The server market has been awaiting the arrival of production-ready ARM servers for some time. Chips from UK-based ARM Holdings are widely used in iPhones, iPads and other mobile devices that offer computing power in a compact format. As the data center market has focused on energy efficiency, ARM servers have hailed as a potential game-changer in the server arena, offering a low-energy alternative to traditional x86 servers.
Slow Progress for ARM Ecosystem
But adapting ARM chips for servers has been a slow-moving process. One of the leading players in this effort was Calxeda, which went through $100 million in funding seeking to develop ARM server hardware before shutting down in December.
“I’ve gotten a lot of questions about the health of the ARM ecosystem,” said Frank Frankovsky, Chairman and President of the Open Compute Project. “ARM has been listening to our questions. I think the ARM ecosystem is continuing to gain momentum and strength. In the next six months we’ll see more higher performance parts available to challenge x86 across a broad spectrum of workloads. My personal opinion is that we’ll see production-ready hardware in late 2014 and implementation in 2015.”
“We see this as a five-year revolution,” said Ian Drew, the Chief Marketing Office for ARM. “We’ll see monolithic structures breaking down as the cloud becomes real.”
Common Development Framework
At the Open Compute Summit, ARM announced the Server Base System Architecture, a platform standard for ARMv8-A based 64-bit servers. The standard is designed to provide a common framework for the 17 companies building solutions atop the ARM architecture – a group that includes AppliedMicro, Cavium, Dell, HP, Texas Instruments, Broadcom, Canonical, Citrix, Red Hat and Linaro.
“It was done so the apps guys don’t have to port things 17 times. They can port it once,” said ARM’s Drew. “It takes away the roadblocks that could stop this data center revolution.”
“They are standardizing the way all software looks at ARM processors,” said AMD’s Feldman. “While some may complain that the ARM software ecosystem is not mature, I’d say we’re through our gangly growth years.”
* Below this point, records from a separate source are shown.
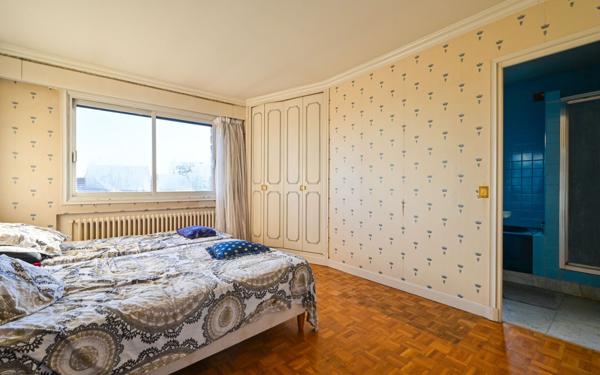 Maison à vendre    7 pièces • 290 m2 Romainville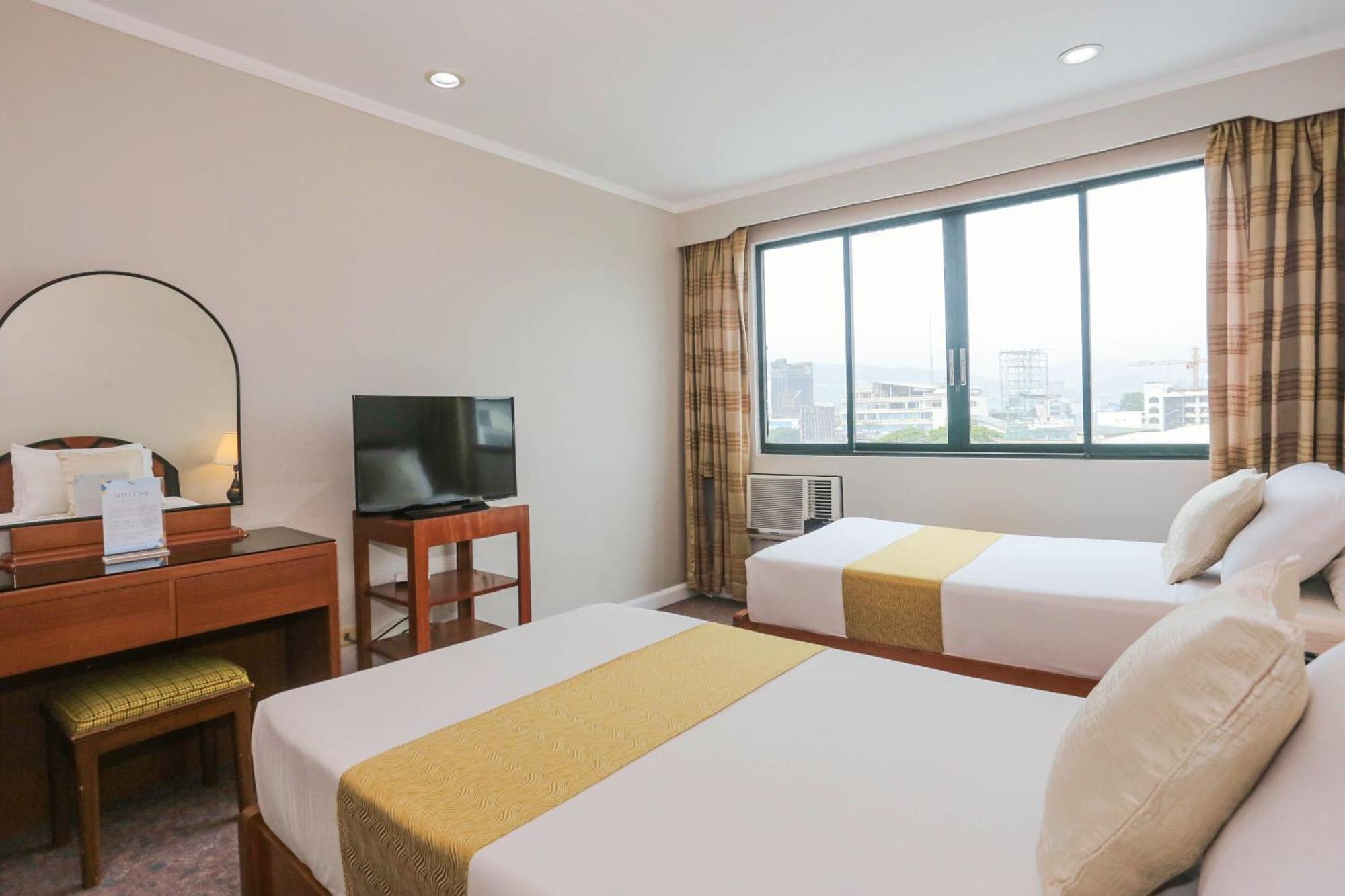 Holiday Plaza Hotel - Cebu ภายนอก รูปภาพ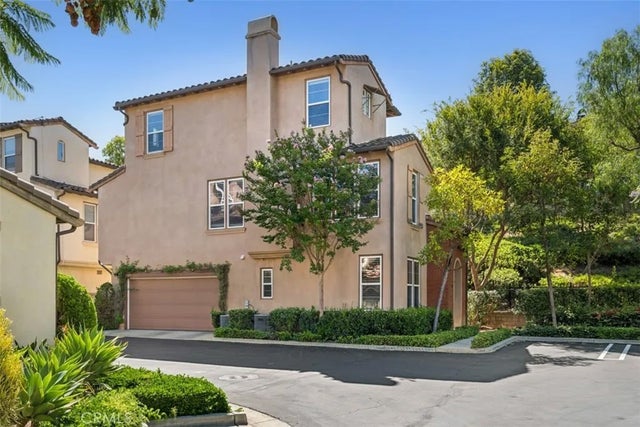 214 Tall Oak, Irvine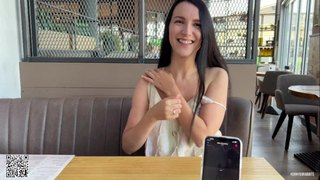 Eva teniendo un orgasmo intenso en un restaurante público con vibrador Lovense Ferri controlado a distancia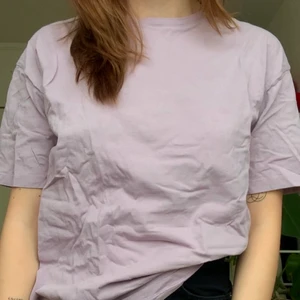 Lila Oversized T-shirt  - T-shirt från herravdelningen. Sitter därför lite oversized på mig som har S. Pastellig lila. Väldigt fint skick.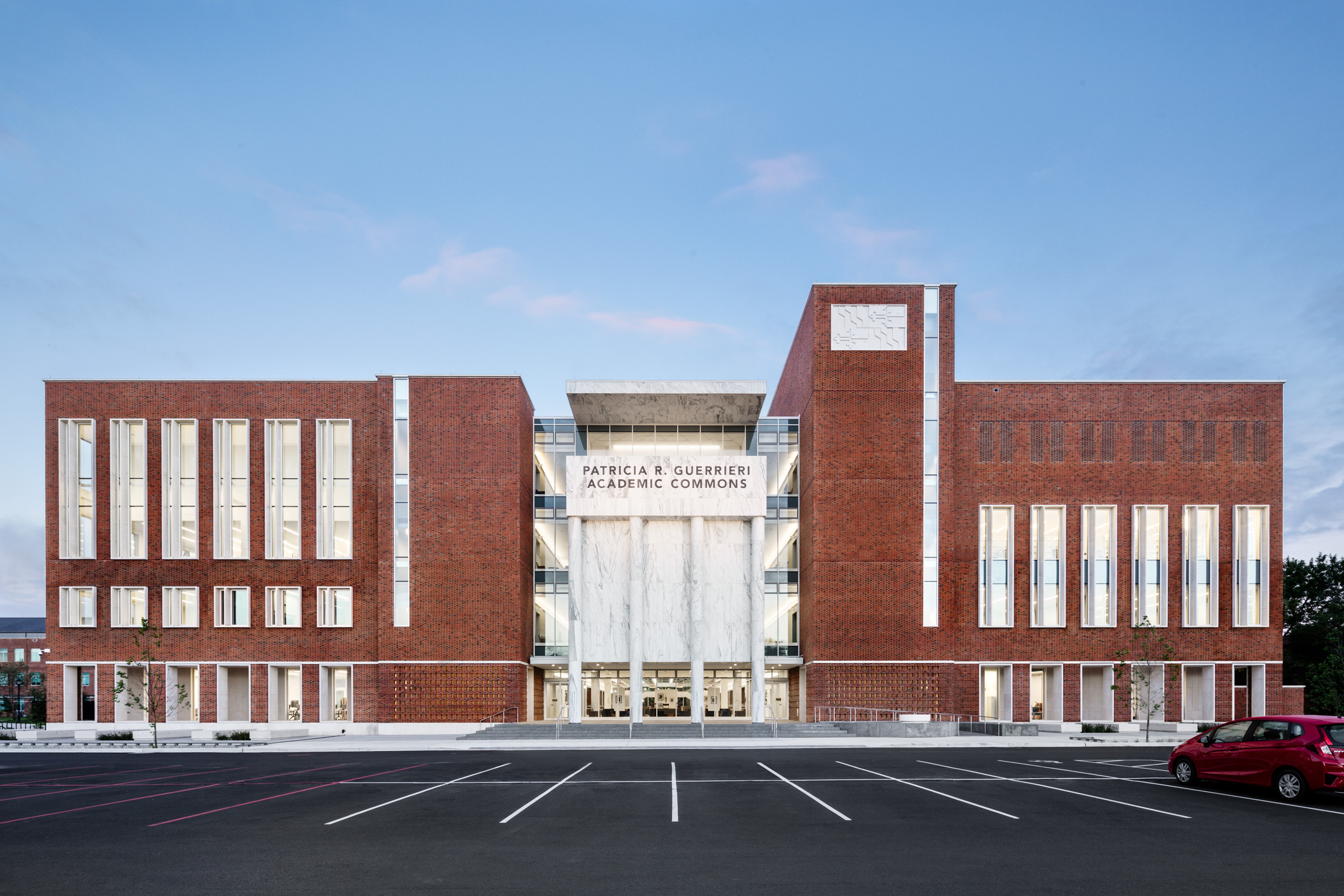 Salisbury University Library 8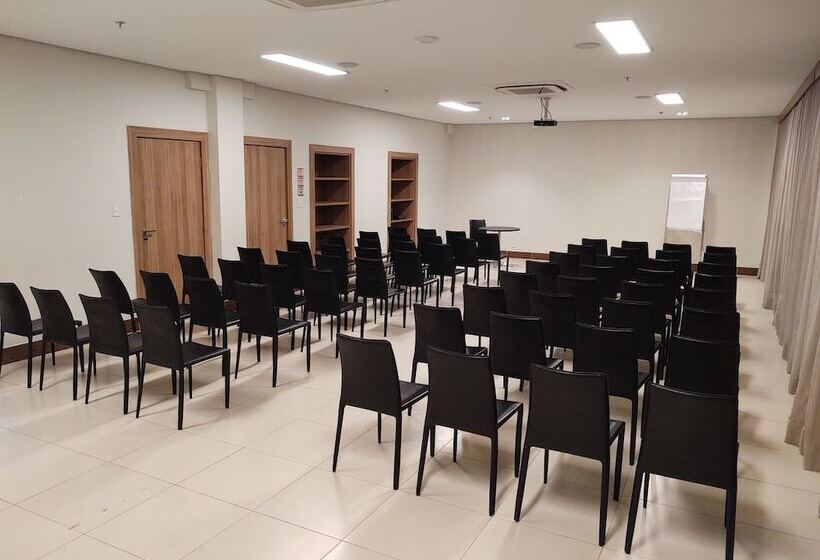 ホテル Tryp By Wyndham Manaus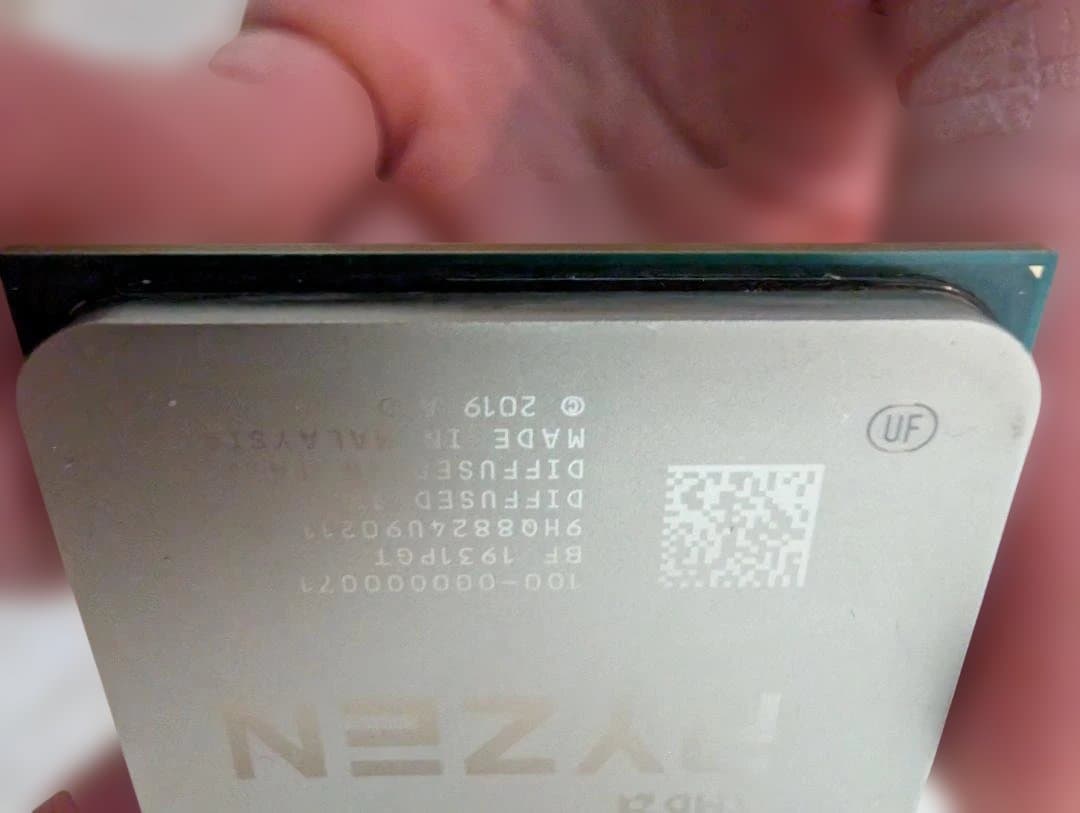 CPU AMD Ryzen 7 3700X CPU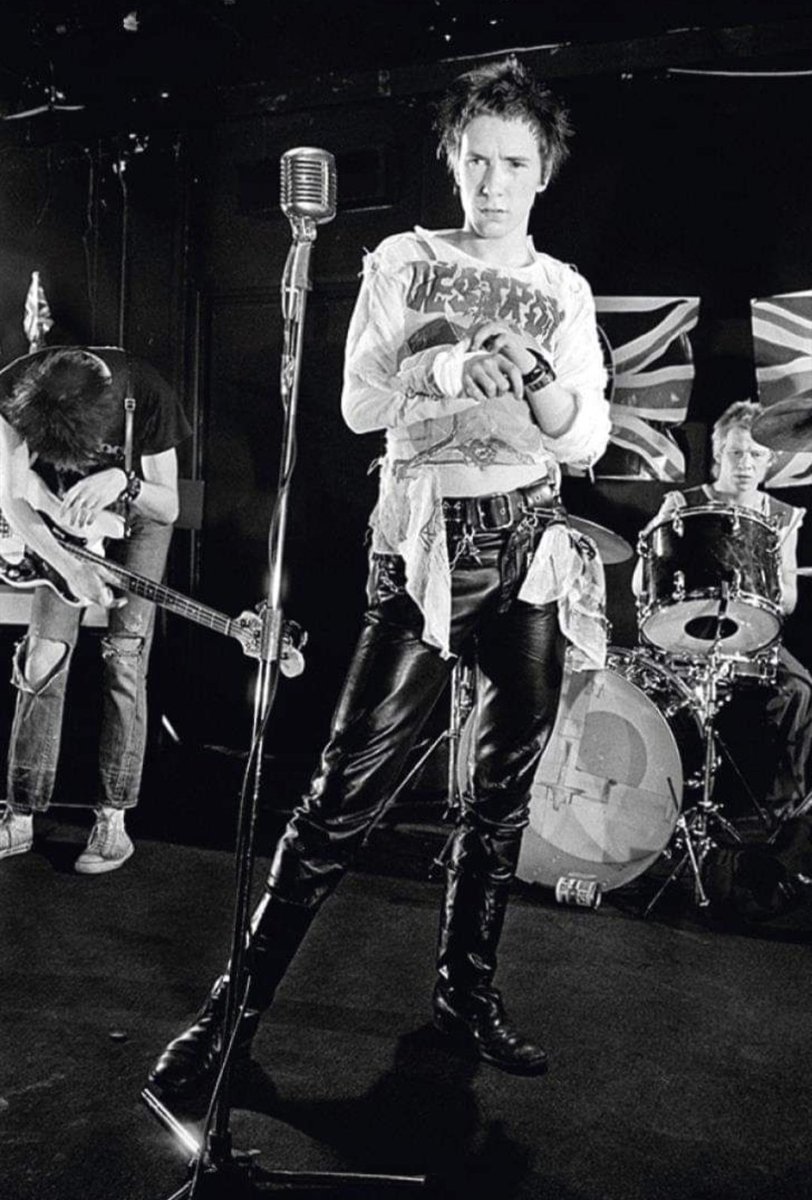 @genitodiablito tweet media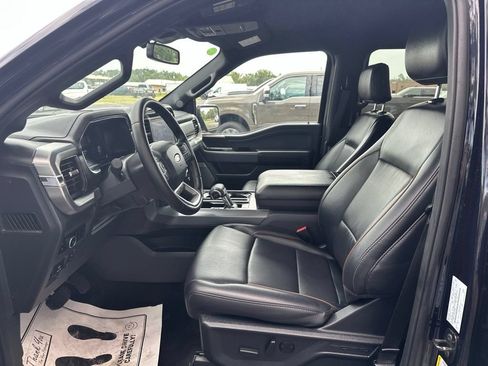 Used 2025 Ford F150 Lariat w/ Equipment Group 501A Mid AWD/4WD image 10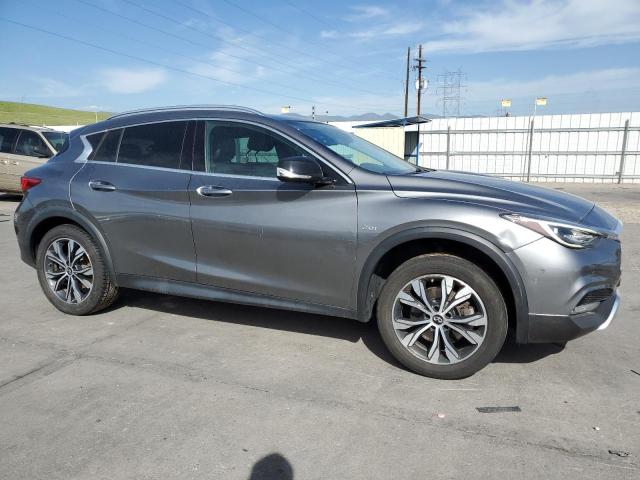 SJKCH5CR9JA056086 - 2018 INFINITI QX30 BASE GRAY photo 4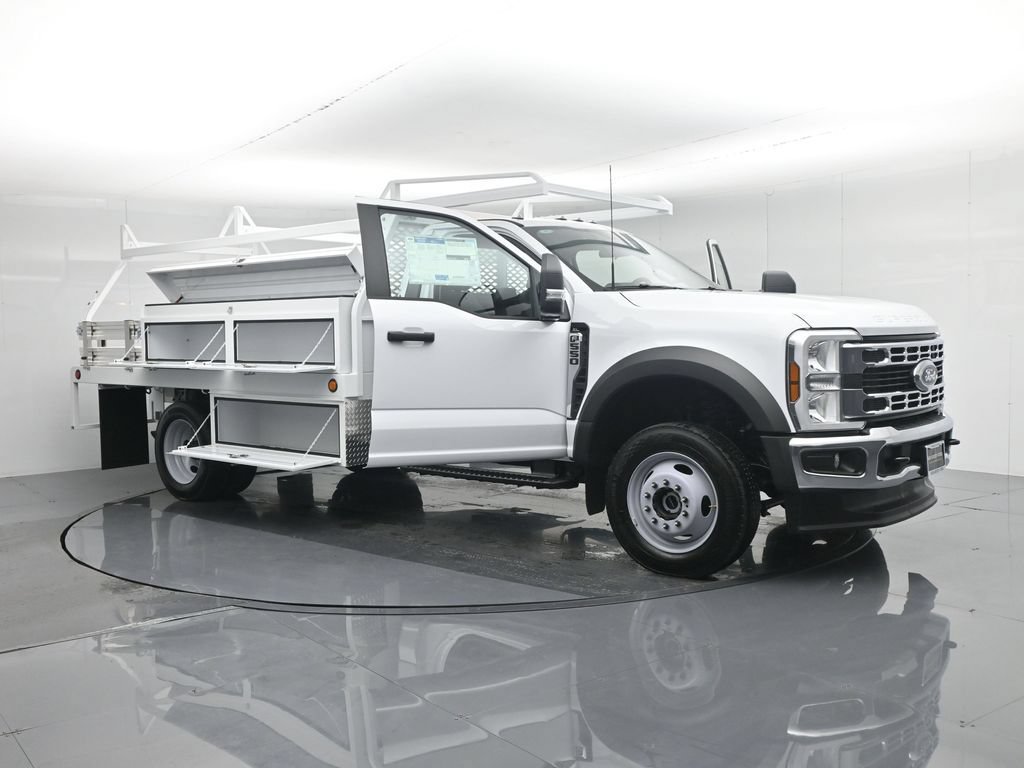 New 2025 Ford F550 4x4 Regular Cab Super Duty image 37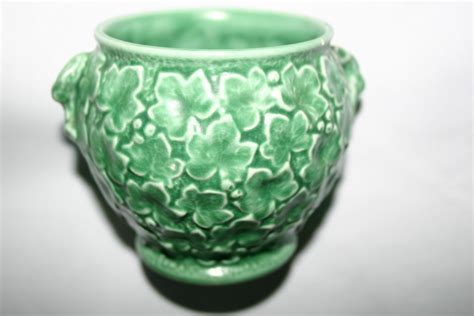 Antique Vintage SylvaC Pottery Vase 2046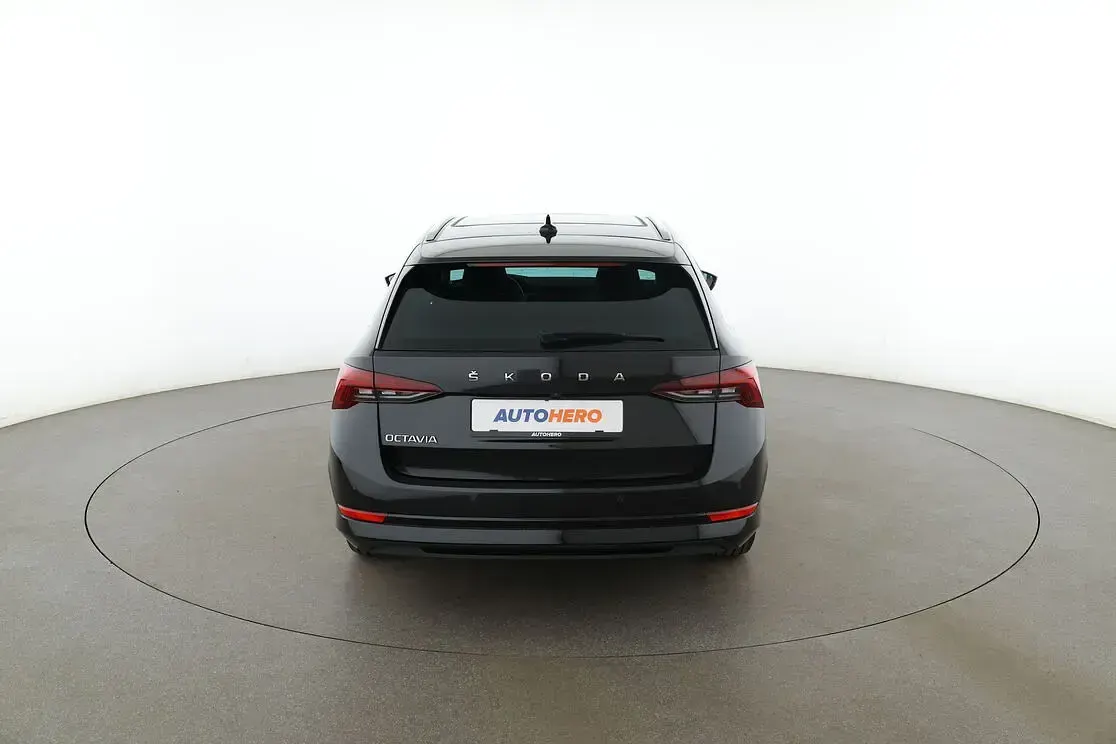Gebraucht Skoda Octavia First Edition 150 PS (110 kW) 2020 Schwarz Kombi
AMD believes interest in ARM servers remains strong. “Nobody’s told me they’re not interested in ARM,” said Feldman. “It’s always ‘when can I get parts.’ We will have parts in March. By June and July we’ll be fully ruggedized and battle-tested.”
Feldman acknowledges that after several years of ARM being deployed in testing and development environments, the market wants to see production hardware.
“The talking’s been done,” he said. “It’s time to get some design wins and deliver some product to customers. 2014 is that year.”
Potential for Storage, Caching Workloads
Where might ARM gain traction? Feldman predicts that storage is one area where ARM can excel, along with caching technology like memcached and use in web site hosting. “The sophisticated buyers are where you’ll see the adoption, because that’s where cost per compute matters,” he said. “Hyperscale will flock to ARM.”
But there’s plenty of competition in the low-energy server arena, including new 14nm Atom chips from Intel.
“I think it’s foolish to underestimate the power that Intel’s going to bring to bear,” said Feldman.